Total Number of Starters Used Through 2007 season = 14

2008

  • Accursed Carl, 04/13/07- forearm, DL- season
  • Jorge Posada, 04/27/08- shoulder, DL- 1 month or more
  • Phil Hughes, 05/01/08- ribs, DL - 6 to 8 weeks

POST-TRAUMATIC PAVANO DISORDER

I don't cite the above list, of course, to ascribe to Carl Pavano some nefarious supernatural power to afflict other players with his tender constitution and susceptibility to injury or to blame him for the remarkably high number of starting pitcher the Yankees have had to resort to the last three seasons. (Although I do often wonder whether a sudden rash of injuries can beset a team because the outbreak can make healthy players anxious, self-conscious, or taut and therefore more injury-prone or alternatively, propels them to be inordinately aggressive in running bases, chasing hits, or throwing ball, to compensate for another teammate's lost productivity.)

No, the Pavano Plague has been as its most pernicious not in afflicting Yankees players' bodies but rather in traumatizing the Front-Office's mind, distorting its perceptions and blighting its judgment, ever since.

The Yankees 2004 debacle, as the GM's office right recognized, stemmed, above all, from a deficient starting rotation that by season's end had two reliable starters: Mike Mussina and John Lieber.

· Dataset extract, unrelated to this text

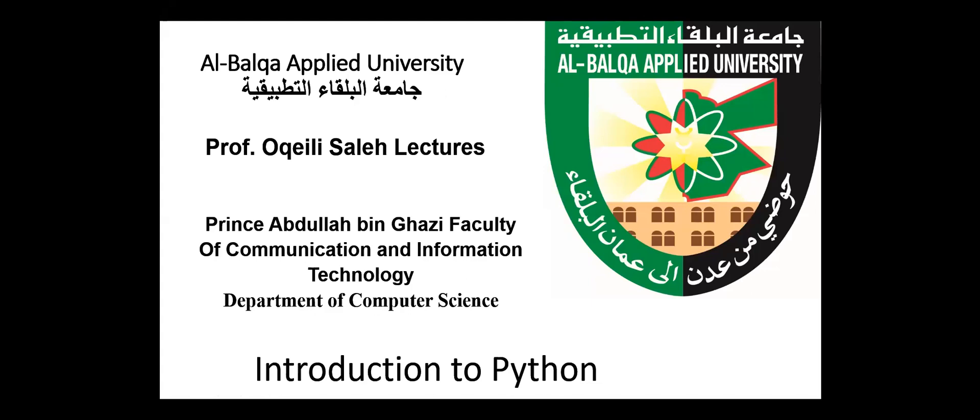Hello everyone. Today our topic is an introduction to Python. Python is a widely used general purpose high-level programming language. It was created by Guido Van Rossum in 1991 and after that developed by the Python Software Foundation. Python is used in many organizations as it supports multiple programming features. Python lets you work quickly and integrate systems more efficiently.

So the Yankees' proceeded that off-season, as they always have, to fortify their weakness through acquisition. I acquire; therefore, I am. They spent bountiful sums for the free-agent market's then most coveted pitching commodity, Carlapalooza Pavano, and they traded their prize pitching acquisition of the previous year, 28-yr-old Javier Vasquez, for their old (very old) nemesis, 41-yr-old Randy Johnson. As George always advocated, If you can't beat 'em, acquire 'em.

Well, Yankees fans, by now, know how the 2004 Improvement Plan fared. Carl Pavano pitched one-half of one contract year before dissolving into an absent punch-line synoymous with malingering and waste. Meanwhile, The Big Unit, waited until he donned Pinstripes to show his autumnal age. Come October, he degenerated into the stiff, immobile Wall Unit formidable only in size.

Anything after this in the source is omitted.